This gets more complex as we go to curves. You can do amazing things with the individual color channels in curves. But you can make a mess very fast. The adjustment in the color cruces, whether in Lightroom, Capture One, or Photoshop, is very finite but very powerful.
Level 2 Gold Toning Softer color and more expansive warm tones.
But let’s go to level 2 gold. This is not about a vintage look. It’s about feeling good. I did these with what I call my El Dorado process. This pushes other colors down a bit more and focuses on the gold tones and color wheels. But it’s still a full-color photo.
A Gold-Chrome has colors from every channel.
We’re trying to empathize with a tone and feel of a scene that complements the real-world light. Even at level 2, we have a full-color spectrum, but golden warmth is all over the frame here. Level 2 done right, is actually very versatile.
This works great in atmospheric street scenes. But also fashion portraits and beyond. What we’re doing is using color to extend the existing emotions but in a way that doe snot feel like a fake color. If all color is equal, the image looks rather boring.

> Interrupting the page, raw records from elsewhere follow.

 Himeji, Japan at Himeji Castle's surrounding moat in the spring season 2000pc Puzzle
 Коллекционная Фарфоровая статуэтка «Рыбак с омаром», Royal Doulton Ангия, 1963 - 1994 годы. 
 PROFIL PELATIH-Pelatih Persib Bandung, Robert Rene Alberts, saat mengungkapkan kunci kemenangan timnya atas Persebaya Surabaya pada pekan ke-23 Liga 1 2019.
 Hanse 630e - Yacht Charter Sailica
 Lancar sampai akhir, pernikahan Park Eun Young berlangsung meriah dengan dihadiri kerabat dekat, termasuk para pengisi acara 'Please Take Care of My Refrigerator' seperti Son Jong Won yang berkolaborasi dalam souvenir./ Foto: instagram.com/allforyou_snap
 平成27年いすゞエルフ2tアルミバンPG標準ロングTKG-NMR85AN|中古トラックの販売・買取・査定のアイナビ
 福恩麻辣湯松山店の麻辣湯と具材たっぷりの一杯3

Now it’s starting to go GOLD!
By separating color and focusing on a specific range, we control the hues of a scene. In the case of Gold, it tends to give a warm sunset romantic vibe
IN going further we’re going to take a queue from the Curtis Gold tone. Because gold was part of the chemical process, it results in highlights being ultra gold. We’re still working in color, but let’s curve down those highlights and go further.

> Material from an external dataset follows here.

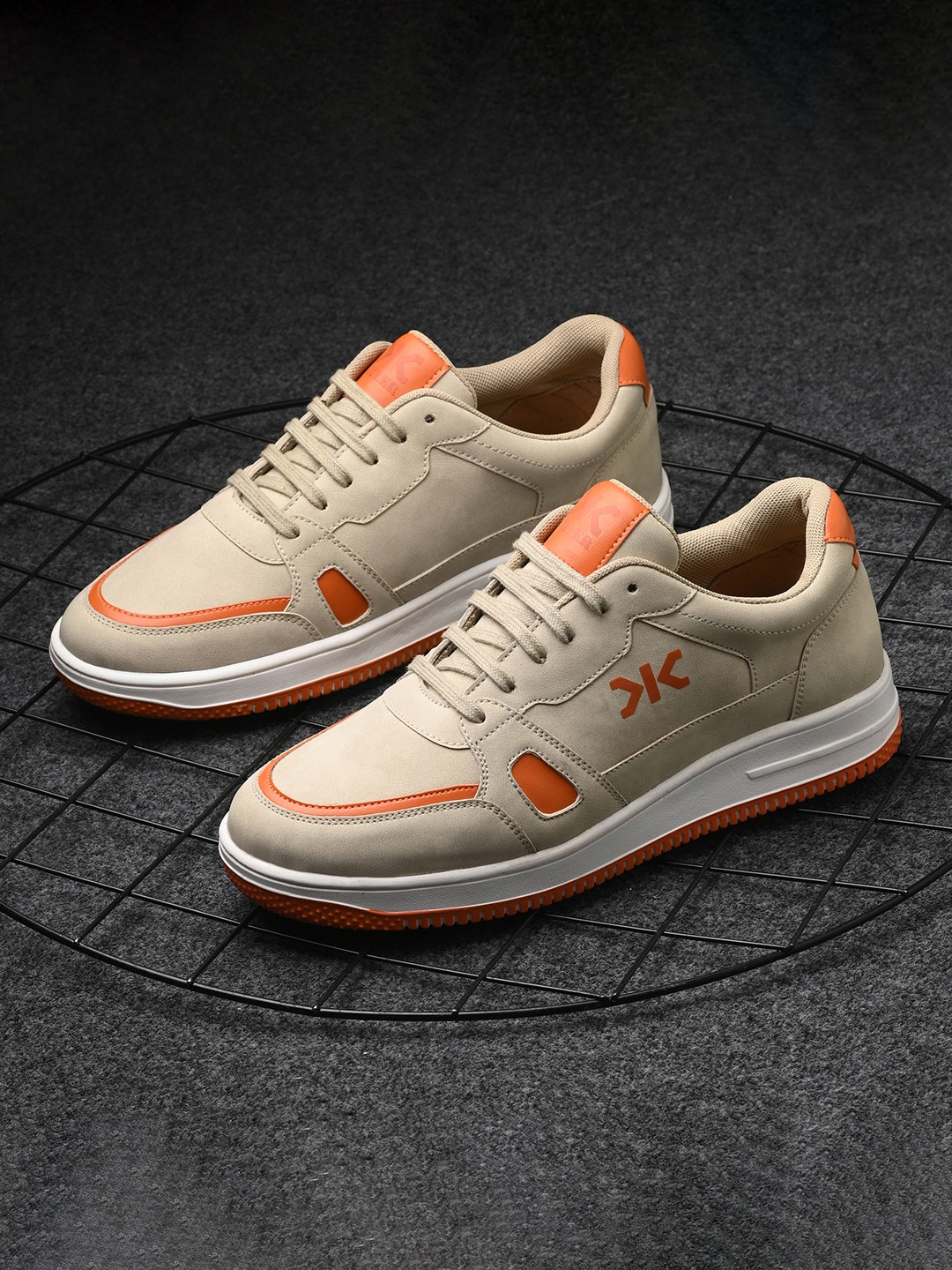 

Killer Men Round Toe Sneakers, Beige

Going to level 3 – Ultra gold chrome color
What we’ve done is push curves and colors and how they respond more and more without selectively reducing any one color. The sensation of color is soft, leaving you with gold and warm rays. But the influence of the color is still there.
In this photo on the lakeshore where it;’s clear sunset, it feels almost natural, but looking at the original file, you see just how much gold we added. I think with any process this should be the goal. Adding your recipe, while maintaining a feel that does not distract and feels right.
And yet we’ve all seen an image like this. Radiant golden rays that are intense, but feel natural. Like they convey an emotion that we might have felt in the real place. That’s the goal of photography. We have to convey that shadow, the sensation and to me, that’s what a great color formula is about.
A good Gold process is such that you don’t think about it being processed, yOU think about the feel and the story of this boy standing at the end of a dock waiting for his ship to come in. Or maybe something else.
Yes, Use RAW files and presets!
With any of the deep edits, you want RAw whenever possible. It’s especially popular amount street shooters to shoot JPEGs. The Fuji camera for example has great in-camera profiles. But you throw so much away in JPEG and if you want to deep deep recipes like this, you will be glad you have a RAW file to start from. Take a look at my video… Raw vs JPEG 2022.
It’s also important to have these as presets. We talking about adjustments that take hours. Especially when you refine them. So whether you buy presets like mine or make your own. Save at each step so you can use and compare easily later.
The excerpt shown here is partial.